A food fight has erupted in the UK, after Starbucks announced it had created a new hybrid dessert last week that many argue actually originated at a small London bakery.
The "duffin" is a doughnut-muffin cyborg sweet that combines buttermilk and nutmeg in the batter before being baked, is stuffed with raspberry jam, dunked in melted butter and then dusted with sugar.
Bea's of Bloomsbury, which operates four cafes in London known for afternoon tea services, have been serving the treats under the nickname since at least 2011. But when Starbucks debuted its own similar version of the dessert on Friday, they made no mention of any forbears in promotional copy -- and they trademarked the name.

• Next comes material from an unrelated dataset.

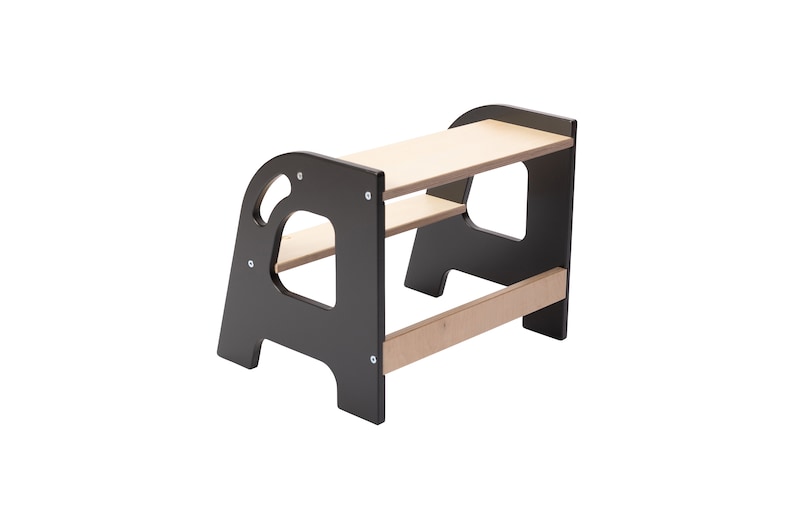 Black two-step step stool made out of plywood. Color black and wood.Holds up to 130kg made by DeveKids model KLEC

"Inspired by our muffins, we sat together with our bakers and pondered how you could make a muffin go one step further," reads the Starbucks copy introducing the baked good. "Step forward the Duffin: taking the best of a muffin: that moist texture, the iconic shape and then mixing it up with elements of a traditional jam filled doughnut."
But instead of hunger pangs, the announcement inspired the ire of British locals who took Starbucks to task for not crediting Bea's. A hashtag #duffingate began to trend on Twitter.

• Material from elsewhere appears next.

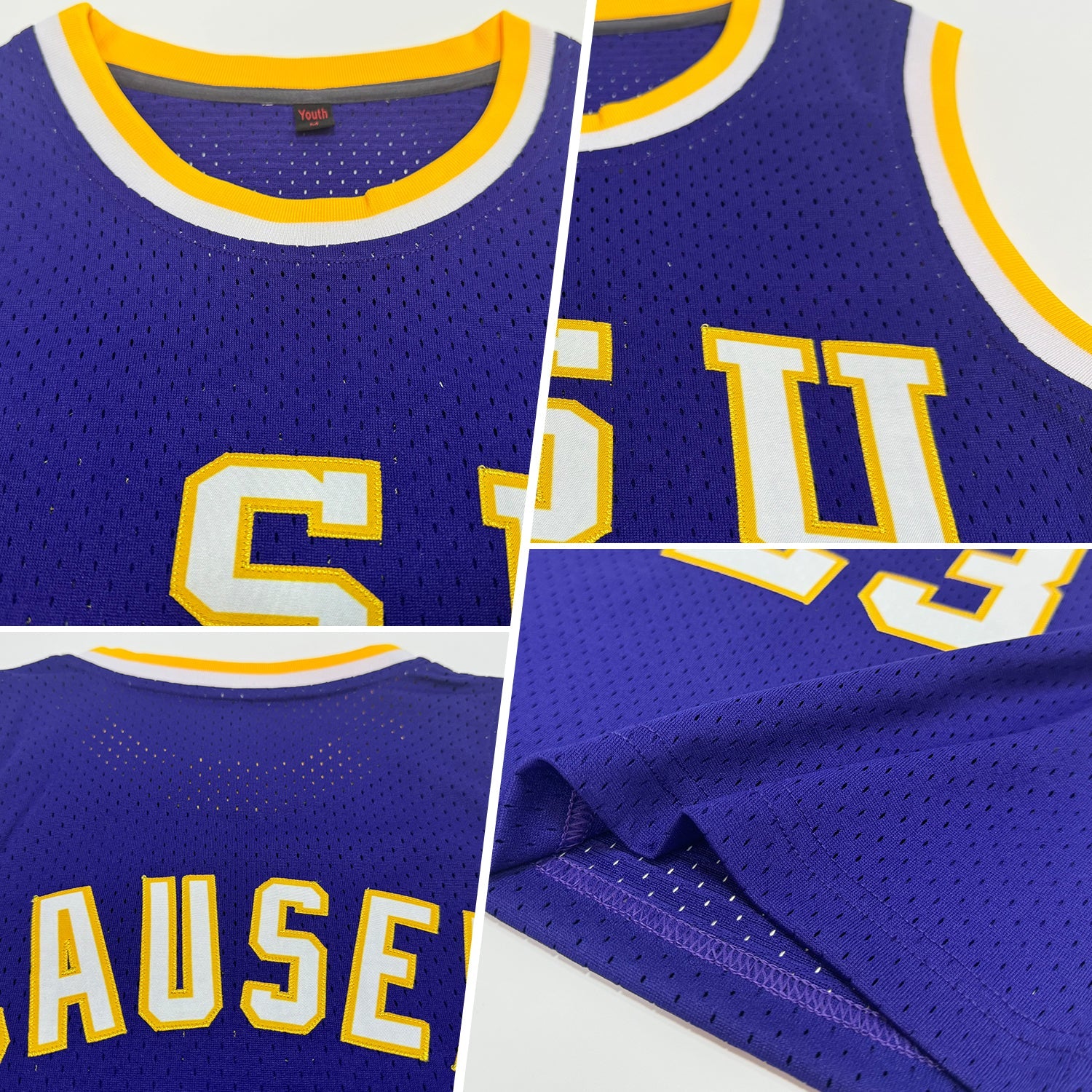 Custom Purple White-Gold Authentic Throwback Basketball Jersey view 2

"I didn't really give it too much thought until I found out their version of the duffin also contains raspberry jam, nutmeg and buttermilk," said Bea Vo, owner of Bea's on Bloomsbury, in an e-mail to ABC News. "My recipe, which was published in my cookbook back in August 2011, is the only one out there to carry all of those traits. Doughnut muffins have been around for a while, Nigella Lawson even has them in her first cookbook -- but the style of mine, that is what makes it unique."

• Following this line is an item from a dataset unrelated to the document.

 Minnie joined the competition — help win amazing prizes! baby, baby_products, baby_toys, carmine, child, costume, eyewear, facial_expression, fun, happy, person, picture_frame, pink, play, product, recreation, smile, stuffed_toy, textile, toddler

The fact that Rich Products, Starbucks' wholesaler/distributor of baked goods, had trademarked the name "duffin" troubled Vo, who worried she would now be prohibited from selling her own creations at the Bea's cafes.
"I thought 'this is absurd,'" Vo said. "It's like trademarking 'cupcake.'"
In an initial statement by Ian Cranna, VP Marketing & Category for Starbucks UK, the chain expressed vague ignorance that other versions of a doughnut-muffin hybrid existed prior to their own.
"As always before we launch a new product we conducted an extensive search online and a full trademark search on the name and on this occasion we found no indication that anyone else was using the name, nor retailing a similar product," he said.
But Vo wasn't buying it.
"That is obviously laughable," she said. "With a quick Google search you would find tons of styles of duffins, people selling duffins, our own press about duffins, and people's recipes for duffins, including mine."
Vo contends that with as many versions of the duffin floating around as there are, no one should own the name and Starbucks should not have claimed to have invented it.
"I'm a pastry chef by trade, and it's a craft," she said. "It's all about building on and creating new ideas. Trademarking something that clearly isn't yours not only stifles innovation but is an attempt to rewrite history. And if every person were forced to have trademarks for food inventions, we'd have 100 different names for Caesar Salad right now."
As the controversy surrounding the dessert spread across media and Internet channels, Starbucks has since changed its original stance and seems to be waving an apron in the air as a sign of truce.